▶ _DATA SECTION_:
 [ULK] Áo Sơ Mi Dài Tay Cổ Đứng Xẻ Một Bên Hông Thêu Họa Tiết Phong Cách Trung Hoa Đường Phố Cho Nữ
--
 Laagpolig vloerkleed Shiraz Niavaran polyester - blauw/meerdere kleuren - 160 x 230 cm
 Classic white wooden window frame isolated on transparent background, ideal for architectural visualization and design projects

▶ _WORK REQUIRED_:
From the line that has "Laagpolig vloerkleed Shiraz" through the line that has "Classic white wooden", copy every line exactly as it appears above, and leave out all others.

▶ _RESPONSE BOX_:
 Laagpolig vloerkleed Shiraz Niavaran polyester - blauw/meerdere kleuren - 160 x 230 cm
 Classic white wooden window frame isolated on transparent background, ideal for architectural visualization and design projects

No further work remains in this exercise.